____ INPUT DATA

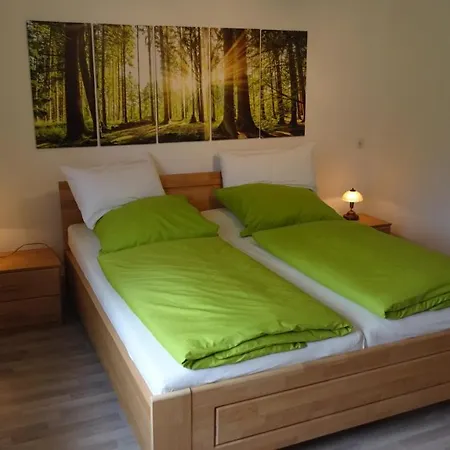 Erzgebirgswohnung Goetze Apartment Glashutte (Saxony)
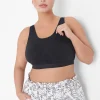 Sports Bras^Lane Bryant Livi High Impact Max Zoned Seamless Black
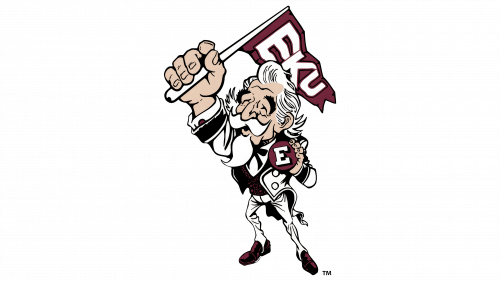 Logo de Eastern Kentucky Colonels en 1974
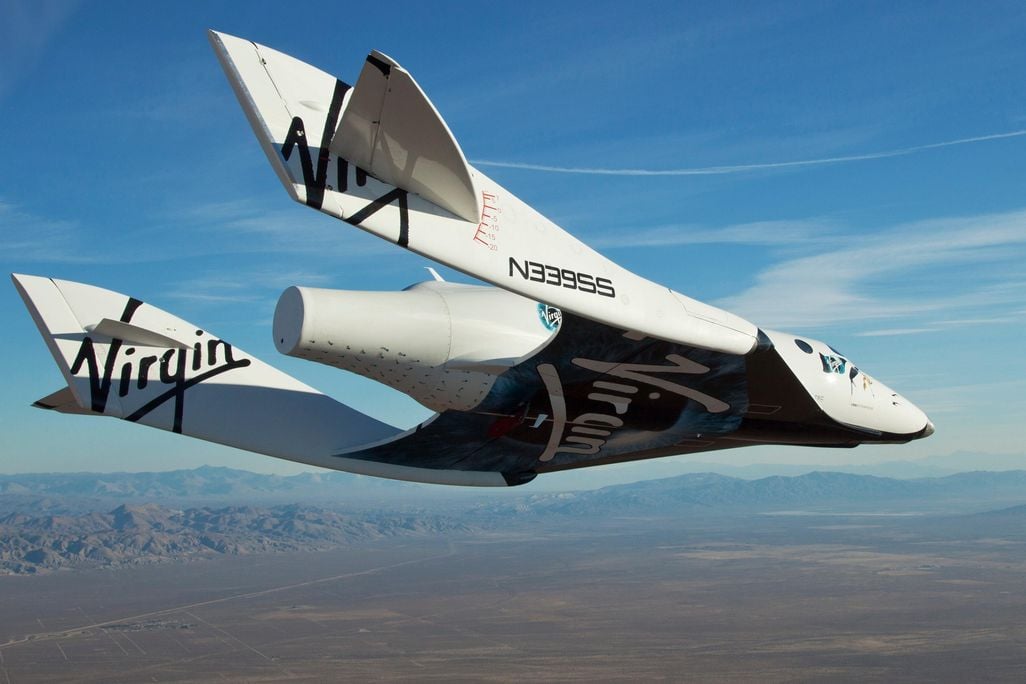 SpaceShipTwo Flight
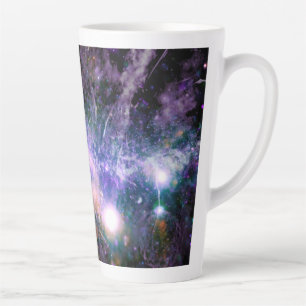 Taza De Café Latte Centro Galáctico de la Galaxia Vía Láctea Hubble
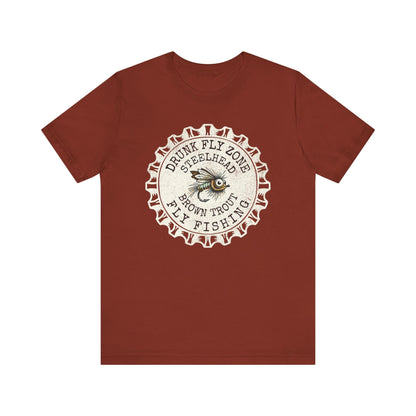 Cotten Tee - Bottlecap Steelhead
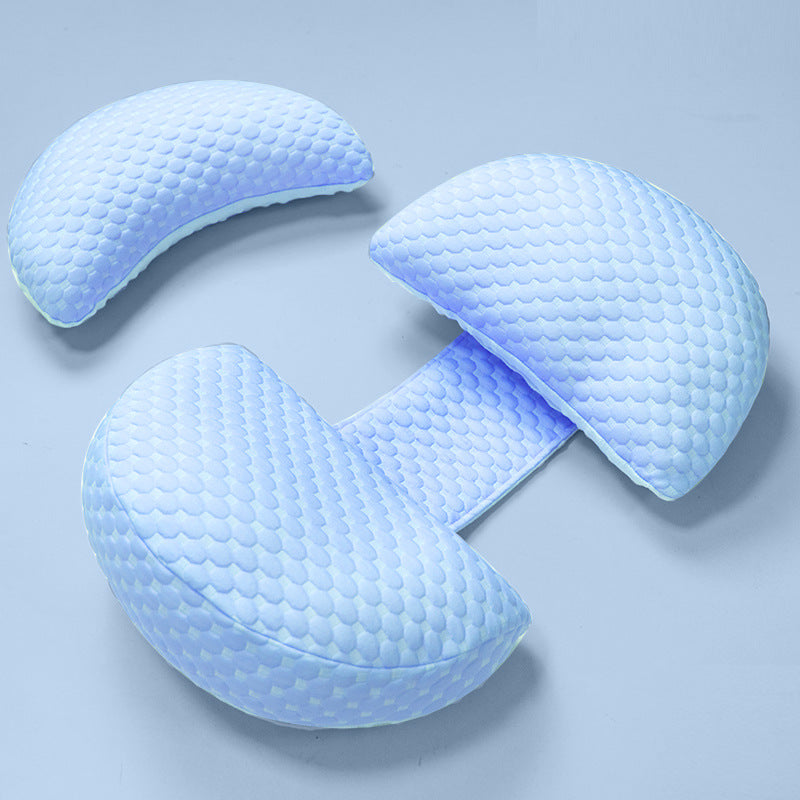 Pregnant Women's Pillows Protect The Waist Sleep On The Side Lie On The Side And Support The Abdomen - MAXXLIFE ONLINE STORE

________

**YOUR GOAL:** From the line containing "Sports Bras^Lane Bryant" to the final line of the entries, both included, transcribe every line exactly, omit the pictures, and add nothing more.

**ANSWER BELOW:**
 Sports Bras^Lane Bryant Livi High Impact Max Zoned Seamless Black
 Logo de Eastern Kentucky Colonels en 1974
 SpaceShipTwo Flight
 Taza De Café Latte Centro Galáctico de la Galaxia Vía Láctea Hubble
 Cotten Tee - Bottlecap Steelhead
 Pregnant Women's Pillows Protect The Waist Sleep On The Side Lie On The Side And Support The Abdomen - MAXXLIFE ONLINE STORE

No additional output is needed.